Одновременно со мной партию Классической танцовщицы в «Светлом ручье» готовила Степаненко. Год назад на премьере этого балета Галя собиралась исполнить другую роль, там было аж две главные героини. Но в день спектакля у нее с Ратманским случился большой скандал. Лёша тут же снял Галю с партии, заменив другой балериной.
На этот раз у Степаненко со «Светлым ручьем», как говорится, тоже не сложилось. Нам дали оркестровый прогон на Верхней сцене, в зрительной части тут же появилась Киливнюк. У меня с ней на тот момент были совершенно нормальные отношения.
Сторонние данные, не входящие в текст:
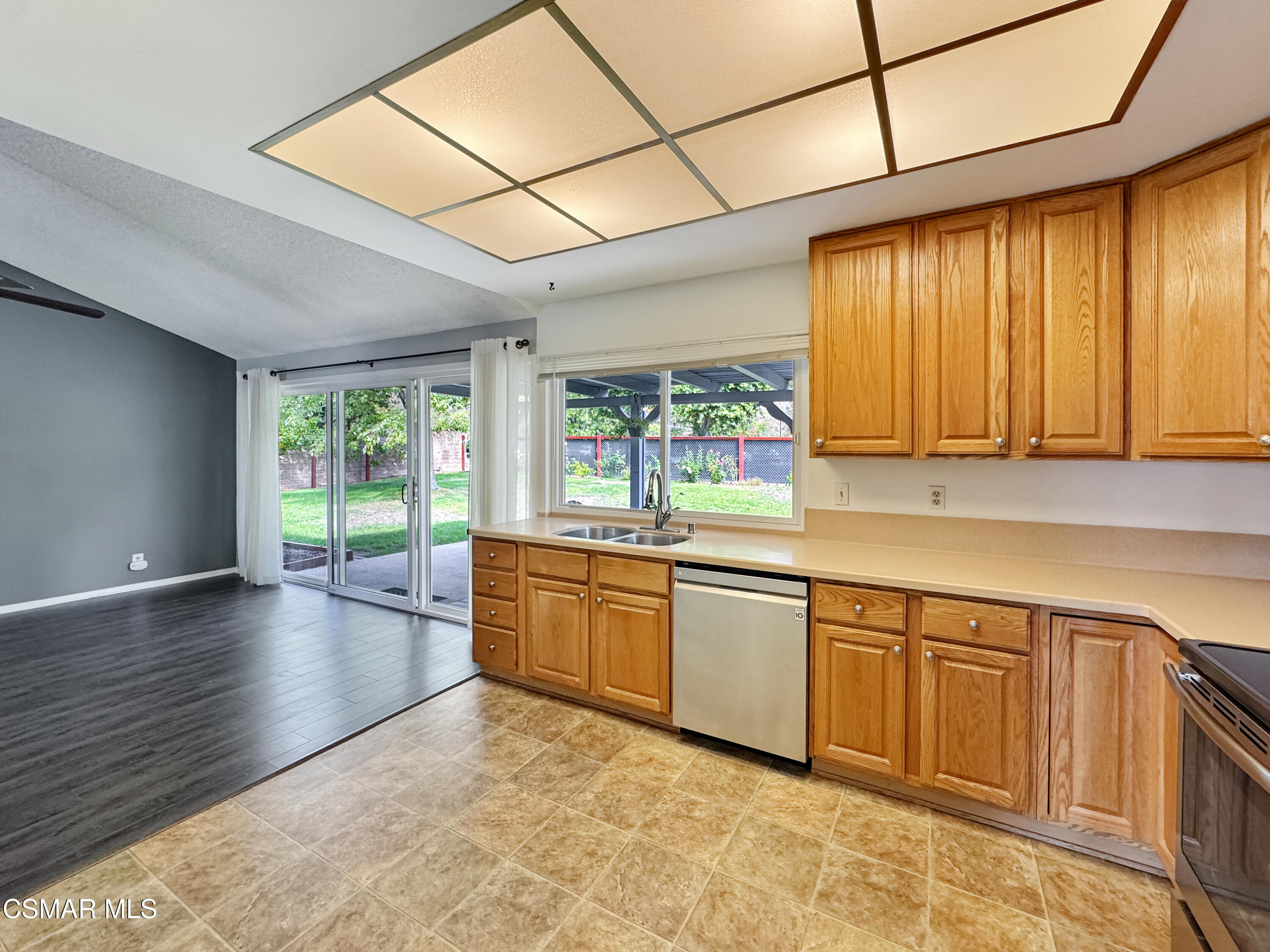 2948 Texas Avenue Simi Valley, CA 93063 - Photo 11 of 32 75f5176f96f64814007aaabe1ddd7aa0fff8ae96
Когда репетиция закончилась, Таня вместе со Стручковой и Фадеечевым вдруг поднялась на сцену. Мы с Николаем Борисовичем что-то обсуждали, когда Киливнюк беспардонно вмешалась в разговор: «Вы и тут неправильно делаете, и здесь неправильно делаете». Я ей: «Тань, Лёша сам это репетировал». Фадеечев тоже молчать не стал: «Алексей нам показывал, мы не учили с записи». А она: «Вот вам в Большом театре вообще ничего нельзя сказать, вы все воспринимаете в штыки!» – «Если нам балетмейстер так сказал, почему мы должны делать по-другому?» – удивился я. «Вы и классику так танцуете – кое-как!» – «Танечка, – остановил я ее, – ты представляешь, чтобы к Рае Хилько (прима-балерина в Киеве) подошла бы девочка из кордебалета театра в Днепропетровске и посмела ей сделать замечание? Ты вообще в своем уме?» Таня побледнела, схватила подошедшего Ратманского за руку и увела его со сцены.
Мы с Галей «Светлый ручей» все-таки станцевали. Там был эпизод, когда Классическая танцовщица, переодеваясь в какой-то момент в мужской костюм, пляшет с кубанскими казаками. Стручкова, тогда педагог-репетитор Степаненко, предложила Гале надеть в этой сцене папаху, а в конце танца сбросить ее, чтобы показать, что она – девушка, сказала: «Так было в старом спектакле». Раиса Степановна, совсем юной, видела в 1935 году премьеру «Светлого ручья» в постановке Ф. Лопухова в ГАБТе.
Но Киливнюк такого кощунственного искажения «шедевра» мужа не перенесла. И приложила руку, чтобы Степаненко больше никогда этот балет не танцевала.
Конечно, Таня с радостью и от меня бы избавилась, но моя Сильфида оказалась одной из немногих «приманок», способных завлечь зрителя на этот спектакль. Киливнюк больше не появлялась на репетициях, перестала ходить и на прогоны, но я стал для нее врагом № 1.